While RoboCup can be highly entertaining, its main objective is to showcase advancements in robotics and AI in a real-world setting. The robotic systems participating in the competition are the result of intensive research efforts by many researchers worldwide.
In addition to the real-world competition, computer scientists and roboticists can test their computational tools for robot soccer at the the RoboCup 3D soccer simulation league. This is essentially a platform that replicates the RoboCup environment in simulation, serving as a virtual “gym” for AI techniques and robotic systems designed to play soccer.
Researchers at Yantai Institute of Technology in China and University of Rahjuyan Danesh Borazjan in Iran have recently developed a new technique that could enhance the ability of robots participating in soccer games to shoot the ball while walking. This technique, presented in a paper published in Springer Link’s Journal of Ambient Intelligence and Humanized Computing, is based on a computational approach known as the Q-learning algorithm.

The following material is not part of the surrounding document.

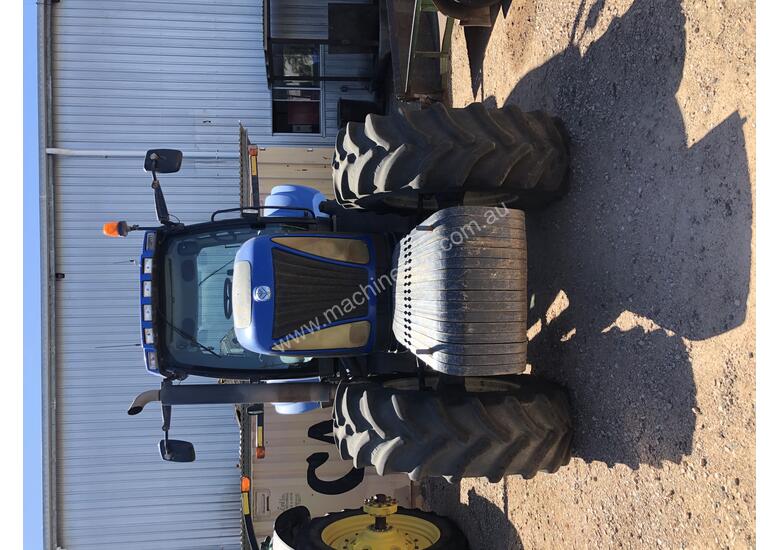 caption New Holland TG285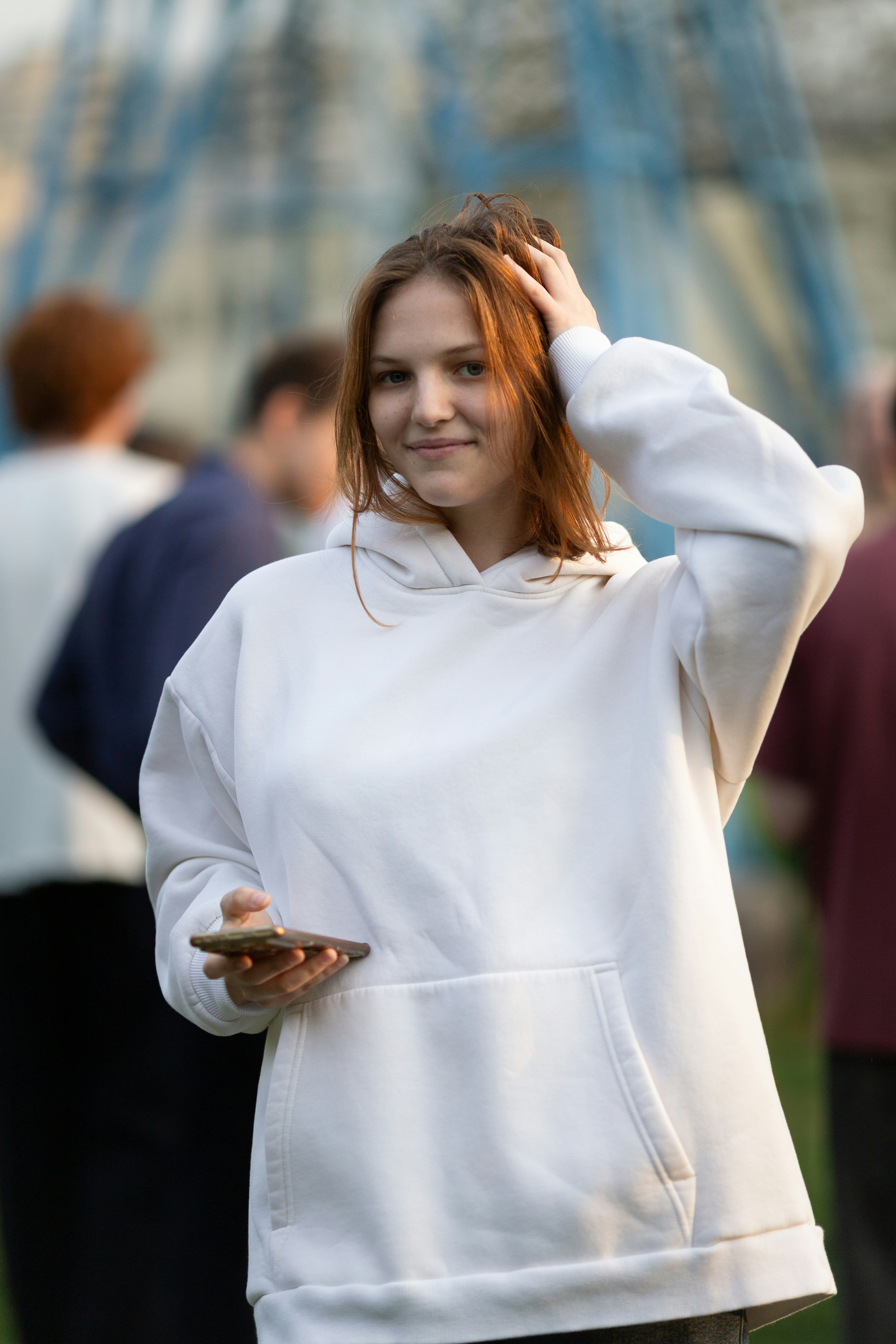 Smiling young woman in white hoodie holding phone outdoors.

“One of the most important goals of the teams participating in the RoboCup3D league is the ability to increase the number of shots,” Yun Lin, Yibin Song and Amin Rezaeipanah, the three researchers who developed the technique, wrote in their paper. “The reason for this importance is that superiority over the opponent requires a powerful and precise shot.”

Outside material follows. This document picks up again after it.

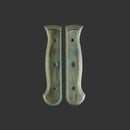 The Messermeister Custom Indigo Mod Kit Handle - Medium features two matching, curved wooden scales with holes, designed as knife handles, displayed symmetrically on a dark background.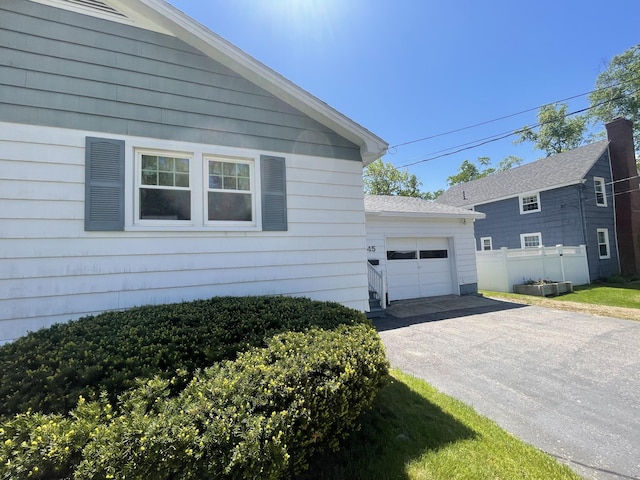 45 Vermont St, Millinocket, ME 04462 - view of home's exterior with asphalt driveway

Most techniques to generate shots in simulation are based on two approaches called inverse kinematics (IK) and point analysis. These are mathematical methods that can be used both to create computer animations and in robotics to predict the joint parameters required for a robot to attain a given position or complete an action.
“The assumption of these methods is that the positions of the robot and the ball are fixed,” the researchers explained in their paper. “However, this is not always the case for shooting.”
To overcome the limitations of previously proposed methods, Lin and his colleagues created a new shooting strategy based on a Q-learning algorithm, which can enhance the ability of robots to shoot the ball while walking. Q-learning algorithms are model-free computational approaches based on reinforcement learning. These algorithms are particularly useful in instances where agents are attempting to learn how to optimally navigate their environment or perform complex actions.
“A curved path is designed to move the robot towards the ball, so that it will eventually have an optimal position to shoot,” the researchers wrote in their paper. “In general, the vision preceptor in RoboCup3D has noise. Hence, robot movement paramenters such as speed and angle are more precisely adjusted by the Q-learning algorithm. Finally, when the robot is in the optimal position relative to the ball and the goal, the IK module is applied to the shooting strategy.”
Lin, Song and Rezaeipanah evaluated their Q-learning algorithm in a series of experiments and simulations. Remarkably, they found that it allowed robots to shoot the ball while walking much better than robots in most teams participating in the RoboCupSoccer league and in Iran’s RoboCup3D league. Ultimately, it could thus significantly improve the performance of robots during RoboCup soccer games.